During the course of the investigation, Active Posture provided a copy of a study which was based on an online user questionnaire which looked at the effects of wearing the garment. Because the study was conducted after the complainant saw the ad, the advertiser therefore did not hold that evidence before the ad was published, which is a requirement of the Code. We nonetheless reviewed whether those tests were sufficient to support future advertising claims. The study asked users about posture, postural awareness and aches and pains before and after wearing the garment. The results found that posture awareness, posture and aches and pains were positively influenced by wearing the garment. We understood that the questionnaire did not provide a definition of “aches and pains” or “posture” and users were incentivised with a discount in order to participate in the study. We considered that there were a number of issues with the methodology used. These included a lack of control group, the user’s experience of pain and posture issues were only ascertained post-purchase and the incentive offered to participants meant there was a potential for bias in the self-reported results. We therefore did not consider the methodology to be sufficient to substantiate the claims about improving posture and reducing back pain.

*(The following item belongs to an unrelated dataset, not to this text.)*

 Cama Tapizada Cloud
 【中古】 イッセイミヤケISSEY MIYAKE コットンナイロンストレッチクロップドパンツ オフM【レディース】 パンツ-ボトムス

We concluded that because the advertiser had not provided adequate evidence to substantiate that the posture garment could improve posture and reduce back pain, the ad was misleading.
The ad breached CAP Code (Edition 12) rules 3.1 (Misleading advertising), 3.7 (Substantiation) and 12.1 (Medicines, medical devices, health-related products and beauty products).
The ad must not appear again in the form complained about. We told Active Posture Ltd not to make any claims that their posture clothing could relieve back pain or improve posture unless they held robust documentary evidence to substantiate the claim.